It’s a different thing to have a nemesis at this stage of life. There’s a familiarity there, almost a comfort. They look across at each other and see an opponent who’d like to separate them from consciousness, sure, but they also see a peer. There’s a sense that, whatever animosity might be built into the relationship, at least you know this guy. At least he, like you, is still out here doing it. His staying power as a fighter reflects your own. You are compatriots in a sense, two old veterans still hanging on in a young man’s game. Whatever else you’d like to take from one another, that is something you share.

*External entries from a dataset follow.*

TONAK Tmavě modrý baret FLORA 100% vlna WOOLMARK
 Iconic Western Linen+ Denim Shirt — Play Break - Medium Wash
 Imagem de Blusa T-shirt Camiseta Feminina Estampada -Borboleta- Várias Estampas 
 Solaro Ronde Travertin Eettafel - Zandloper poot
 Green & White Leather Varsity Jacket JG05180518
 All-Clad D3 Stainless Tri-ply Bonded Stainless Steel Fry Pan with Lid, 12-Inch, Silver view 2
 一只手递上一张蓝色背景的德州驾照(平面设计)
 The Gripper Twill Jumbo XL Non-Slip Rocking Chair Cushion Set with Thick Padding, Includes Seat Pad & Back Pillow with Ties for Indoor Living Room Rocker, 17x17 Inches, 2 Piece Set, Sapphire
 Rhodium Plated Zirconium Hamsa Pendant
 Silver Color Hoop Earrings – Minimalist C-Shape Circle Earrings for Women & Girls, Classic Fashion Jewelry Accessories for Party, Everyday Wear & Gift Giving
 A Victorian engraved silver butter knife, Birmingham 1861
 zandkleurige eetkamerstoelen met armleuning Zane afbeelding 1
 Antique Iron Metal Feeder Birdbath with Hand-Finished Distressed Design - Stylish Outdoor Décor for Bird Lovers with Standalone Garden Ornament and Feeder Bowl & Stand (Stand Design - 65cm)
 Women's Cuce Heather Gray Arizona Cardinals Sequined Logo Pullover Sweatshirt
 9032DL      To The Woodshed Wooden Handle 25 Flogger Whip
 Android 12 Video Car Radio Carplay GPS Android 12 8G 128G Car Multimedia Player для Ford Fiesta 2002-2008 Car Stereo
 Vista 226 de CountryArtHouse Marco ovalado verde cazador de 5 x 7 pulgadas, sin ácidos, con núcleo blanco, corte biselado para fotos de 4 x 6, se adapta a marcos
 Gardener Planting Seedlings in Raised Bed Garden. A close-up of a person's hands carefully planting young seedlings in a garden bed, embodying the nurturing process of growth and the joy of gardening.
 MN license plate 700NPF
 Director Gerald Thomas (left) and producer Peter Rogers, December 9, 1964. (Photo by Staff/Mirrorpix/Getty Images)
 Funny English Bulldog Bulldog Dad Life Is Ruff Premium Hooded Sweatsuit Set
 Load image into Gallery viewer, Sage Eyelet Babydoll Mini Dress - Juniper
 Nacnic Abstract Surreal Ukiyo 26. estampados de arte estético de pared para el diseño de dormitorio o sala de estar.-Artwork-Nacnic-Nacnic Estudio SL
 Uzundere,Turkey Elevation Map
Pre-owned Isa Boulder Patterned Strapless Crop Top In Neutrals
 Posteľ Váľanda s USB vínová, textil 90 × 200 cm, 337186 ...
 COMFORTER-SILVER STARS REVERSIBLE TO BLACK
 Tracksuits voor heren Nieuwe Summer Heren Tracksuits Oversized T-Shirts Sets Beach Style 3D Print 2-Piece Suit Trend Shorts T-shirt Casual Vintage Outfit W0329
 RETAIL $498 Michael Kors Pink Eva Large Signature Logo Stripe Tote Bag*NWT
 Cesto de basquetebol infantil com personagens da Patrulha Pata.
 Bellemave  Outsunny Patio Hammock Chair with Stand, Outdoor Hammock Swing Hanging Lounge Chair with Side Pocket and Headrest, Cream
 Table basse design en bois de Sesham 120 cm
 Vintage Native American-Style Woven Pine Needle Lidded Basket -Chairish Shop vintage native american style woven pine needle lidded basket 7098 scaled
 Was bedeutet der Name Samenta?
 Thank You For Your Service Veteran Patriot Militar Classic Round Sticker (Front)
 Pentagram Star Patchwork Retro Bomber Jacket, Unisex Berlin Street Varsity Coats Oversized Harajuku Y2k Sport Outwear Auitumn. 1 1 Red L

The first time they fought, Rothwell was 26 and fresh off a nine-fight winning streak in the IFL. Arlovski was 29, already on the back side of his UFC title reign, but seemingly still with plenty of fight left in him.
This was Rothwell’s chance to show he belonged in the big time. The problem back then, he said, was that maybe he didn’t entirely believe it himself.
“That first fight, there’s nothing I can say, no excuses or anything,” Rothwell said. “I should have fought better. That’s all. I had plenty of time to train for Andre. All I can chalk it up to is I was young in my career. I got overwhelmed by the opportunity. It was a huge fight, because I got told whoever won between me and Andre got to fight Fedor [Emelianenko], who at the time was the reigning heavyweight god, you know what I mean? Just to fight him, just to get a chance to fight him, it could have been life-changing. It could have completely changed the trajectory of my life. And Andre got it.”
Not only did Arlovski get the fight with Emelianenko, who was then essentially undefeated and the consensus top heavyweight in the world, he did quite well in the fight … up to a point. For most of the first round he swatted the stoic Russian all over the Affliction ring like a cat with a mouse. Then, perhaps feeling too sure of himself, he back Emelianenko into a corner and leapt toward him with a flying knee. By the time his body returned to earth, Arlovski was unconscious and defeated.
The second time Rothwell and Arlovski fought, well, that was a different story. It was in the UFC in 2019. Fans thought they were both old then. Arlovski got the decision in what was a largely forgettable fight in the careers of both men. Rothwell remembers Arlovski getting ahead early, outpointing him, pulling away on the scorecards.
“I turned it around in the third, bloodied him up a little bit, but he won the first two [rounds],” Rothwell said. “He did a good job. Now it’s seven years later and it’s like, where are we both at? Let’s see.”
One big difference between them now is these bare-knuckle fights are still somewhat new for Arlovski. He fought and won at a BKFC event last summer. He’s done some other boxing here and there. But Rothwell has been living this bare-fisted version of the sport for several years now. He’s 4-0 in BKFC, with finishes in every fight. He has the heavyweight championship around his waist. He has some things about this very specific and often bloody way of fighting more or less figured out. So if he can’t beat Arlovski in this, at this stage, how’s that going to feel?
At the same time, he can’t quite bring himself to view Arlovski as a hated rival. It just doesn’t work that way at this age, or with this kind of history between them.
“A part of me feels like, here's a guy that I'm fighting for the third time that's helping me make income one more time,” Rothwell said. “Even though he's got those wins on me, him and I both helped each other make substantial amounts of money. He even said the Affliction fight for him, that was the best — he made some really big money at that period of time, and I also got paid a ridiculous amount, really, for 2008. I made really good money. And then 2019, him and I got another paycheck together.
"So in a business sense, we've definitely helped each other. And it's like, who would I be fighting right now if it wasn't for Andre? Andre at least is helping us bring eyes to the whole thing, to the bare-knuckle fan base, and eyes to this event. So there is that respect. It's undeniable respect for all that him and I have both put into this.”
And yet, on Saturday night they’ll go out there stripped to the waist, knuckles exposed, swinging for each other’s faces until someone falls down and stays there. That’s the business they’ve chosen. At this point, they know it very well, just as they know there are not an infinite number of these opportunities left for them.
So why not go once more into the breech with an old rival? What’s a little more of each other’s blood spilled at this point? And who knows, maybe this time the result will be different. Maybe there are still some surprises left in this pairing, even after all these years.